Fragt man bei offiziellen Stellen nach, welcher Tätigkeit Snowden beim US-Geheimdienst nachgegangen ist, lautet die vage Antwort üblicherweise: "Systemadministrator". Doch Snowdens Können geht weit über das Warten von Servern und Netzwerken hinaus.

Idealer Kandidat

Er hat Kurse belegt, die Sicherheitsexperten beibringen, wie Hacker zu denken und ihre Techniken zu verstehen. Spätere Zertifikate belegen, dass Snowden über Können verfügt haben könnte, das es ihm ermöglicht hätte, unbemerkt NSA-Computer nach Daten zu durchforsten und jene unter strengem Verschluss gehaltenen Dokumente in die Hände zu bekommen, die er im Juni an die Öffentlichkeit brachte.

Während er für die NSA arbeitete, weitete er seine Fähigkeiten immer stärker aus und erhielt auch größere Verantwortung. Sein Lebenslauf zeichnet das Bild eines Sicherheitsexperten, wie ihn der Geheimdienst wohl jederzeit rekrutieren würde. "Wenn er die Regierungsnetzwerke auf fremden Zugriff geprüft hat, könnte er sehr breiten Zugang (zu Informationen, Anm.) gehabt haben", sagt James Lewis vom Center for Strategic and International Studies.

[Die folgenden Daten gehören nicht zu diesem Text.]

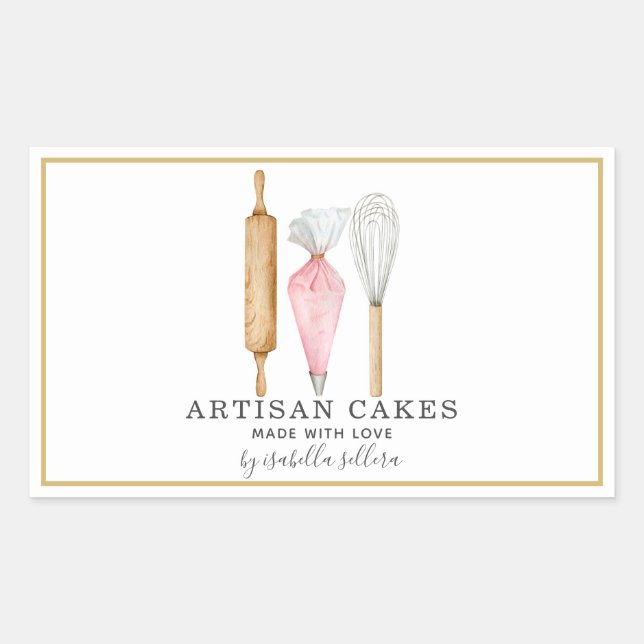 Bakery Pastry Chef Watercolor Baking Utensils  Sticker (Front)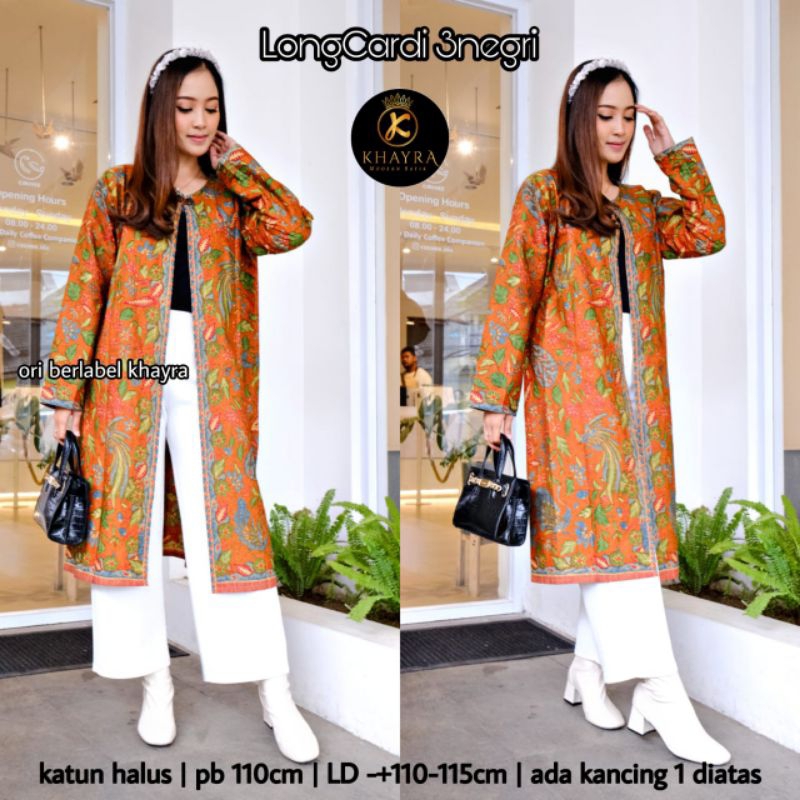 long cardi  batik rumput batik solo outer lengan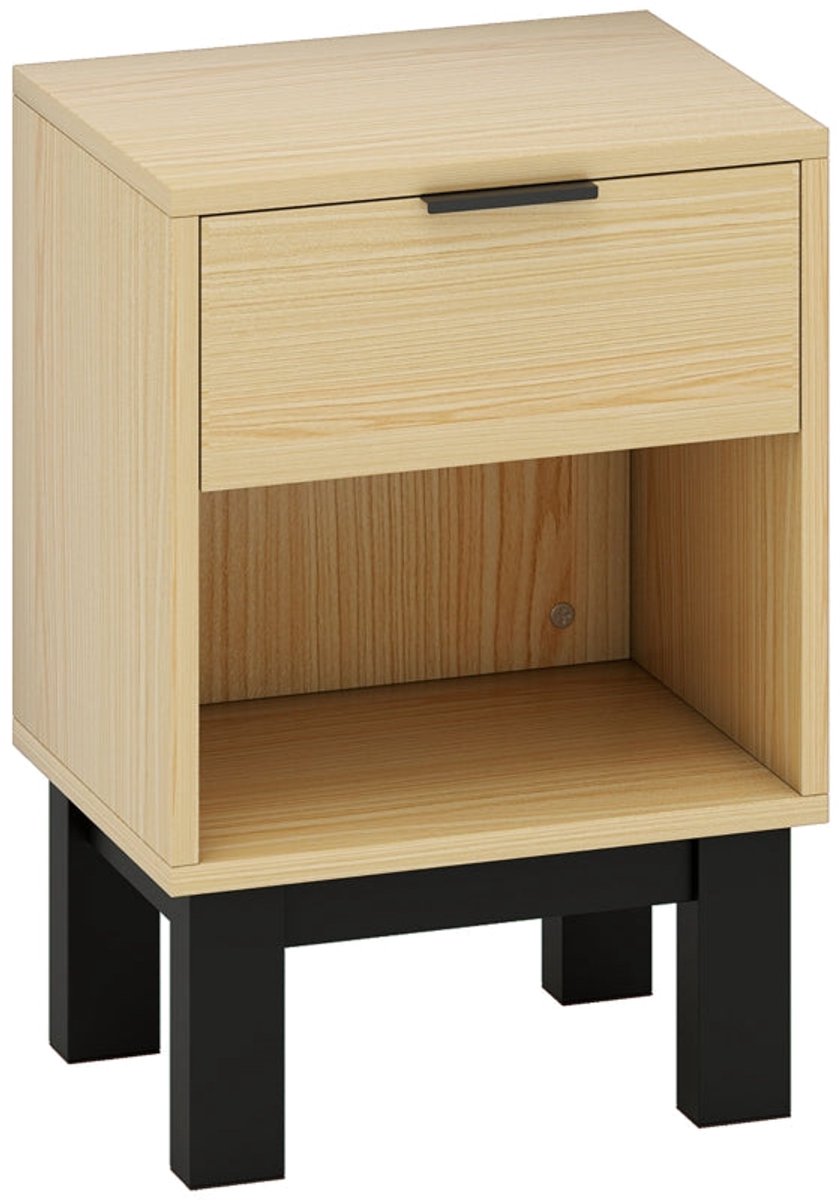 Merax Nachtkastje met Lade en Open Vak – Compacte Nachtkast voor Slaapkamer – Bijzetkast Houtkleur 35x26x50 cm Bruin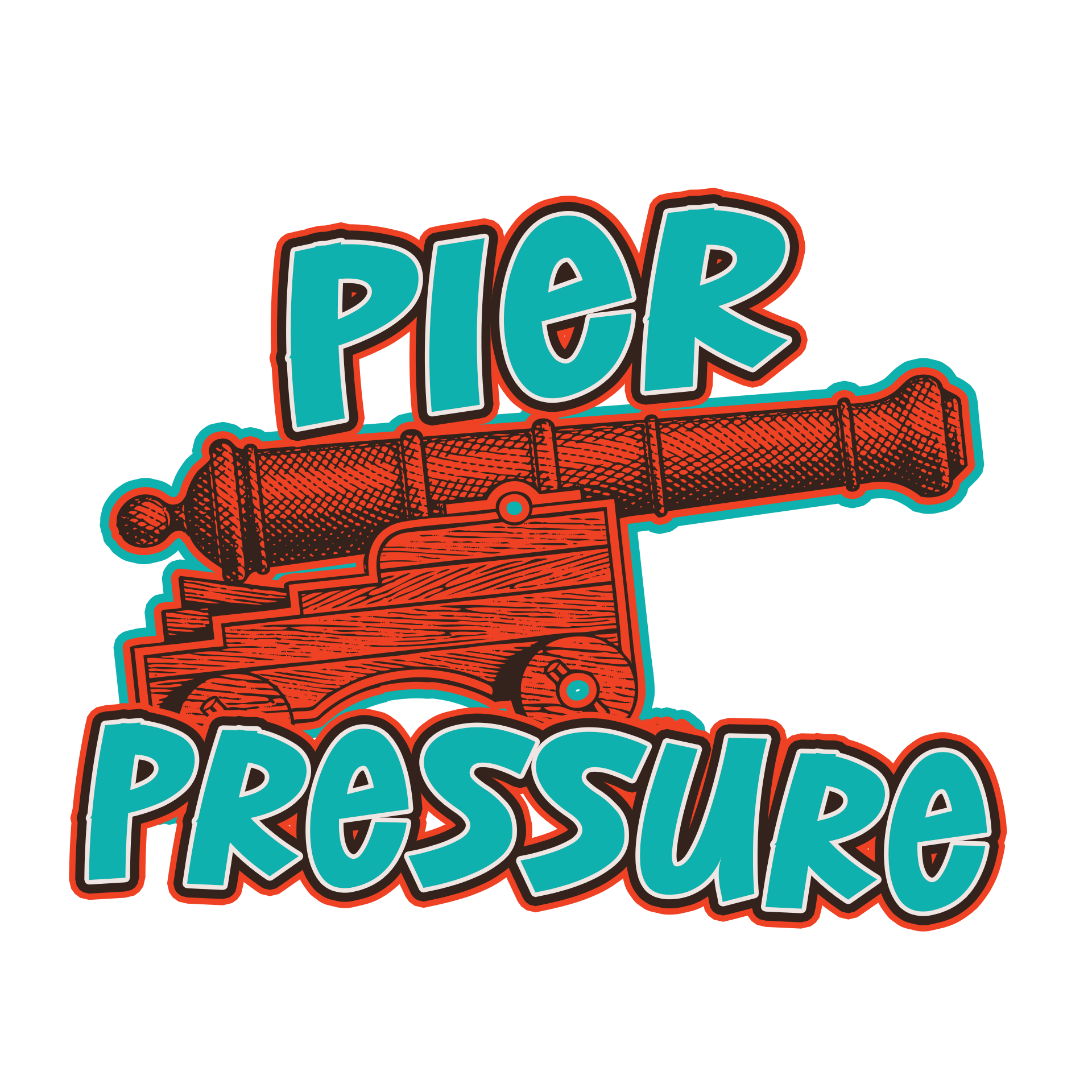A picture of a cannon with the words pier pressure written below it.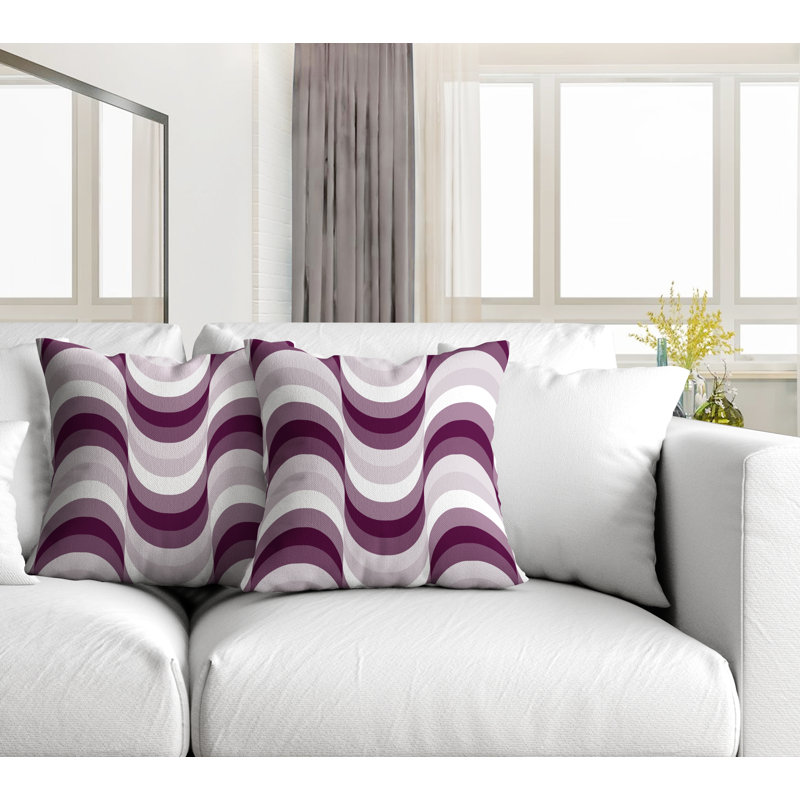 Coussin décoratif carré intérieur / extérieur Slivno, L 15 po x H 15 po, Mauve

Experte für Cyberspionage-Abwehr

Zuletzt war Snowden bei einer NSA-Einrichtung in Hawaii tätig, wo er im April als Infrastruktur-Analyst zu arbeiten begann und für die Sicherheit der Windows-Infrastruktur im Pazifikraum. Zuvor arbeitete er im Namen des Nachrichtendienstes vier Jahre lang mit Dell. Der Computerhersteller liefert Hardware an die NSA. Während dieser Zeit stieg er vom Supervisor für Systemupgrades auf zum "Cyberstrategen" und "Experten für Cyberspionage-Abwehr".

Dass Snowden im Alleingang streng geheime Dokumente sammeln und ans Tageslicht bringen konnte, ist auch ein Hinweis darauf, dass das interne Sicherheitssystem der NSA versagt hat. Er dürfte bei seiner Informationssuche aber auch entsprechend vorsichtig vorgegangen sein, erklärt Michael Maloof, Softwareentwickler für interne Monitoringsysteme, der "New York Times".

Mit seiner Übung als Hacker dürfte er immer in kleinen Schritten und an verschiedenen Stellen Sicherheitsmechanismen ausgehebelt haben, um an die gewünschten Informationen zu kommen. Selbst, wenn eine der Kompromittierungen aufgeflogen wäre, hätte er sich immer noch darauf berufen können, dass es sich um einen Testangriff zur Überprüfung der Sicherheit handle.

Highschool-Abbrecher

Snowden wuchs in der südlichen Vorstadt von Baltimore auf, viele seine Nachbarn arbeiteten im NSA-Hauptquartier in Fort Meade. Er selbst kehrte dem konventionellen Schulsystem noch während der Highschool den Rücken und bildete sich in technischen Kursen fort.

Früh zeigte er Interesse dafür, sich online anonym zu bewegen. "Ich würde nicht mal wollen, dass Gott weiß, wo ich gewesen bin", wird ein User auf der Plattform Ars Technica zitiert, der wahrscheinlich Snowden gehören dürfte.

Von Genf nach Japan

2006 heuerte er beim CIA an und arbeitete ein Jahr später bereits als Geheimdiensttechniker in Genf, getarnt als diplomatischer Attaché. Dort verrichtete er relativ unspektakuläre IT-Arbeit, wurde aber immer wieder für temporäre Sonderaufträge – unter anderem "Unterstützung des US-Präsidenten" - herangezogen.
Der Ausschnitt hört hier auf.